Wednesday, November 3, 2010

Origin: The Wheeled Shopping Trolley




The first shopping cart was developed in 1937 by Sylvan Goldman, the owner of the Humpty Dumpty Supermarket chain in Oklahoma City.

Having purchased the bankrupt chain of retail grocers in the South in 1934, the tail end of the Great Depression, profit margins were smaller as people bought the cheaper items. His chain was facing ruin. Looking at ways to increase profits, he had noticed that shoppers did no further shopping when their carry basket was full. Invariably they took the basket to the cashier, rather than starting a new basket, weight seeming to be the determining factor. Pondering this in his office whilst looking at a chair in front of him, an ide developed.  In the cartoons a light bulb suddenly switches on.  His idea was to take the weight of the shopping basket out of the equation by adding wheels and a metal basket to a frame similar to a wooden folding chair. The final design allowed for the wire baskets to be removed from the frame and for the frame to be folded, like a chair, for storage and stacking.

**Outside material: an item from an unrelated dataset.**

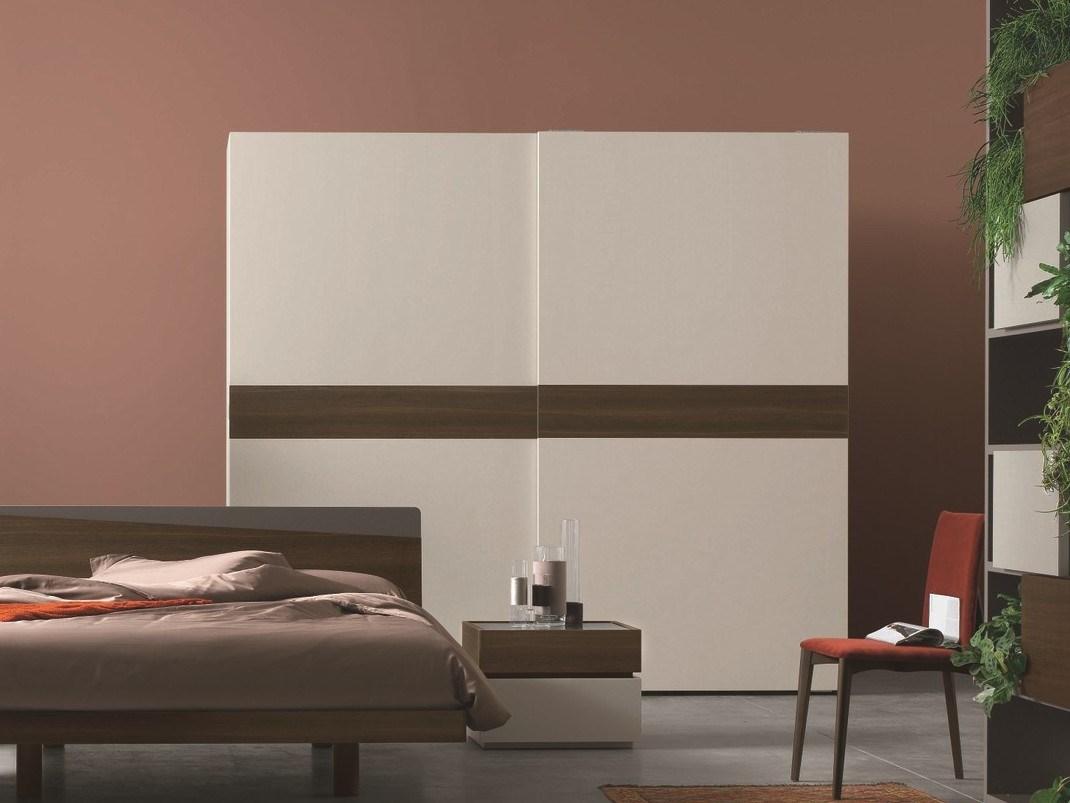 TABLET Wardrobe with sliding doors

It was an instant success.

Actually, it wasn’t.

People don’t like change, whether that change occurs in their daily lives, their home or when shopping. The Humpty Dumpty shoppers still preferred the heavy single basket and still called it quits for shopping when the basket was full. Men found the wheeled wooden chair effeminate and women found them suggestive of a baby carriage. He overcame this by paying cool looking men and women to walk around the supermarkets using trolleys to pretend do their shopping, thereby inspiring others to do the same. He also stationed people at the entry to the shops to greet them and offer them a wheeled cart. Shopping carts became extremely popular and Goldman became a multimillionaire. He continued to make modifications to his original design. One important modification was that the basket size of the shopping cart was increased as stores realised that their customers purchased more as its size increased. At his death in 1984, Goldman was worth $400m.

Btw, the latest development in shopping carts is the addition of a computer and GPS.  You tell it what you want and it takes you there.  It has a computer interface with LCD screen and it can also be programmed with a shopping list at the commencement of shopping, so that it will work it all out for you.  It is still in the development stage but is tipped to revolutionise store shopping.